When the colloquium was
announced, I had several questions:
What’s a colloquium? What are values? What distinguishes American Values from,
say, Mexico’s migrants’ values? Value, in my mind, went no further than the
income from a ton of potatoes or corn, or the price-per-pound of beef on the
hoof. Monetary value was everything. Moral values were vague, fuzzy notions
having more to do with the heart than the mind.
For several days while
the colloquium took place back in that time, I was immersed in the questions and
answers from our invited speakers. Those days had a profound effect on me; half
a century later, I still consider that experience as I proceed toward the
building of the Northwest Print Center and Incubators. I have to decide how to
turn straw into gold, you might say, to get the money to start it happening. I
have to turn art valuation into something other than what it has become in
common terms—make the value of my art more than meets the eye.
Values and education
Fifty years ago, Vietnam
was not a front page item. The cold war, the rise of Castro in Cuba,
assassinations of the Kennedys—these were emerging events. Sex, drugs and rock ‘n
roll, TV, and folk music were uppermost on the minds of many college-age
people. All the while, in my ‘twenties, the specter of being drafted into the
army was omnipresent. When, in 1964, it was time for me to move on from undergraduate
school, what I wanted most was to be an art teacher, get married, and get a
Master’s degree and, hopefully, teach college art. I did all three—I got
married to Lynda, got a Master of Arts degree, and got a job teaching
printmaking at the University of Washington in our home state. Life was good.
Looking back, I wonder if
the exposure to the Colloquium on American Values had a subtle effect on my choices.
What made me put being a teacher above being an artist? Or, did my attitude
come from earlier experience—farming, and my parents’ influence? They were
exemplary people. They never got rich, but they had a rich life in the sense of
living pretty well and living long—though, sadly at the end, not in the best of
Something made me say I
wanted to be a great teacher when the art department chairman at San Jose State
University (where I got my MA) asked me, “Well, are you going out to become a
great artist now?” He was set back, I remember, and seemed a little let down.

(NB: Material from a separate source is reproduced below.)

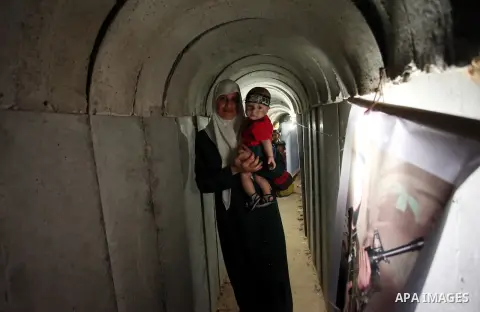A Palestinian woman walks inside a tunnel used for military exercises during a weapon exhibition at a Hamas-run youth summer camp, in Gaza City, on July 21, 2016. Photo by Ashraf Amra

Maybe his years of teaching art history, and being chairman of the art
department, had jaded him.
Many teachers in our
educational institutions will agree that it is difficult to achieve your
teaching goals in American educational institutions. It is confusing, for
example, to teachers with education in their hearts and minds to be asked to
spend time on non-educational efforts. Sitting in committees, for example, or
calling roll, giving tests, filling out forms, reading the latest orders and
changes to the rules and regulations of the institution. Then there are is the
competition for wages, promotions, and the question of what to do if teaching
doesn’t pan out.
Art teachers seldom have
a high place in American educational institutions, but we seem not to mind
because we not only love teaching, we also love art in all its varying
manifestations—performance art, crafts, design, fine art, art history,
experiments in art and technology—it’s possible to see why art teachers get by
on the meager budgets allocated to their domain of expertise.
The difference might lie
in the different meanings of value when applied to art and non-art. Training to
design cars, for example (a course which I came very close to taking) is
different than learning to make art using creative, inventive, and imaginative,
discovery research. Car design comes from without, from corporations and
stockholders who have one thing in mind: valuation by money, or some equivalent
of economic and political power.
Today, the influence of
incorporated economic and political power on American educational institutions
is profound—to the point of eliminating concern for American values. This is
not good, because the founders of our experiment in government made it clear
that the experiment depends on education. Without an educated voting
population, we will fail as a nation, and knowing values and valuation in art
is, to me, key to our survival—of any nation’s survival and, ultimately, Earth’s
human life sustainability.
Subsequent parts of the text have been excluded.